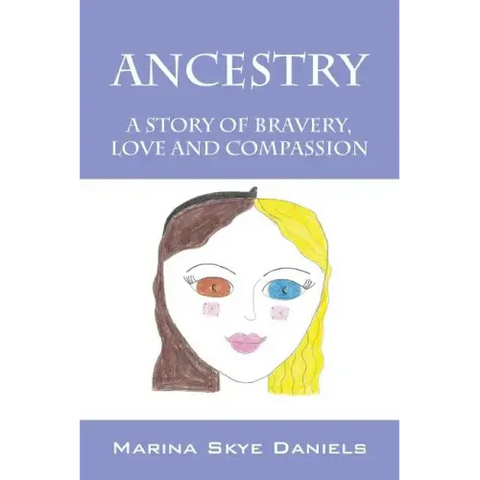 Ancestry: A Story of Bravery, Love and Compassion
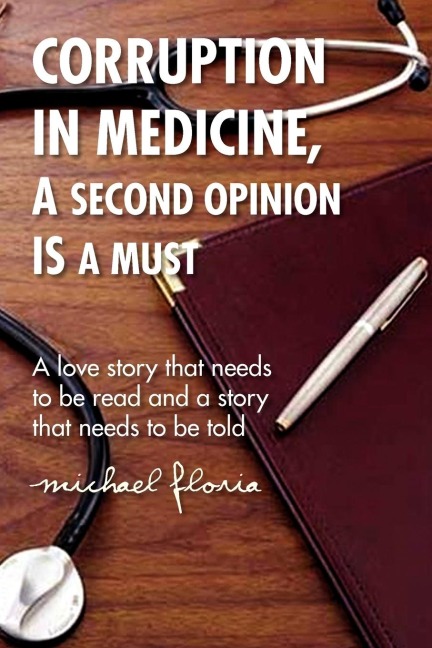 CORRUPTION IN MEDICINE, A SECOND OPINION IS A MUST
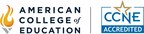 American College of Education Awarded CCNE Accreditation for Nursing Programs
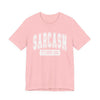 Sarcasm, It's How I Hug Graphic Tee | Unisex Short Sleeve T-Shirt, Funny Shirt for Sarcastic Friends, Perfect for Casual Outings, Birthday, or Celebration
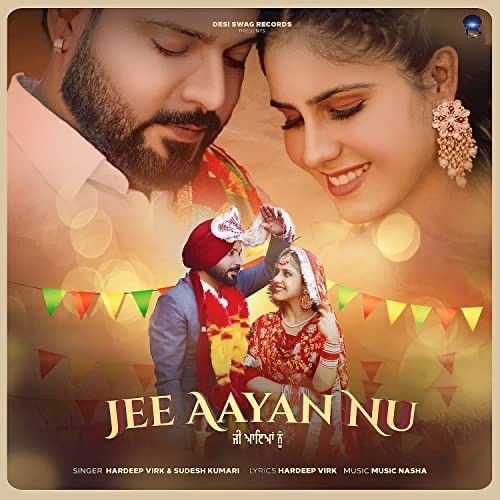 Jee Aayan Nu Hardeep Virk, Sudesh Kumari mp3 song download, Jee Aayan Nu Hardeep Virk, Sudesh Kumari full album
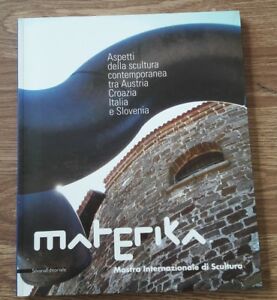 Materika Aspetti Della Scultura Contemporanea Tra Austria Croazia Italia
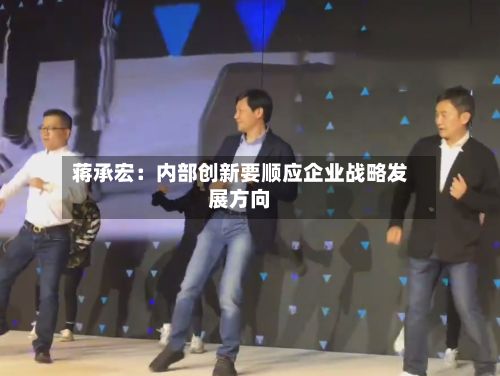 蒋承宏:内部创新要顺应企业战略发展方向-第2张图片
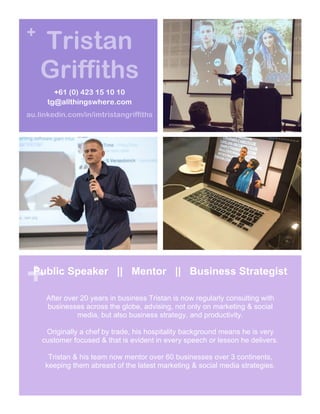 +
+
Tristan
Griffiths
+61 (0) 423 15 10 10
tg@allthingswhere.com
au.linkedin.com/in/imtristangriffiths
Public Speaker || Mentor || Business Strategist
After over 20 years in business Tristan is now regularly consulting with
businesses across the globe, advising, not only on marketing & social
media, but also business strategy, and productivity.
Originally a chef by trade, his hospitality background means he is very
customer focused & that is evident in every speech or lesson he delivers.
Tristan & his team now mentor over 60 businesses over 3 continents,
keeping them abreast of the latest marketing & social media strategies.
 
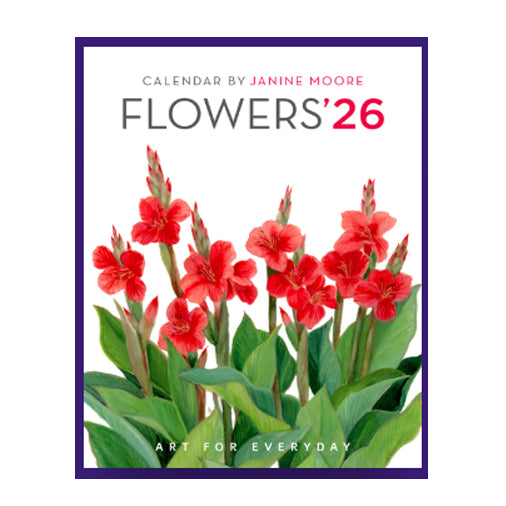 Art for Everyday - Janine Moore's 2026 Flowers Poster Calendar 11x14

****

■ **Task statement**
Every line from the one containing "au.linkedin.com/in/imtristangriffiths" through the end of the entries above, both included, should be extracted exactly, with pictures left out.

■ **Exercise result**
au.linkedin.com/in/imtristangriffiths
Public Speaker || Mentor || Business Strategist
After over 20 years in business Tristan is now regularly consulting with
businesses across the globe, advising, not only on marketing & social
media, but also business strategy, and productivity.
Originally a chef by trade, his hospitality background means he is very
customer focused & that is evident in every speech or lesson he delivers.
Tristan & his team now mentor over 60 businesses over 3 continents,
keeping them abreast of the latest marketing & social media strategies.
 
 Art for Everyday - Janine Moore's 2026 Flowers Poster Calendar 11x14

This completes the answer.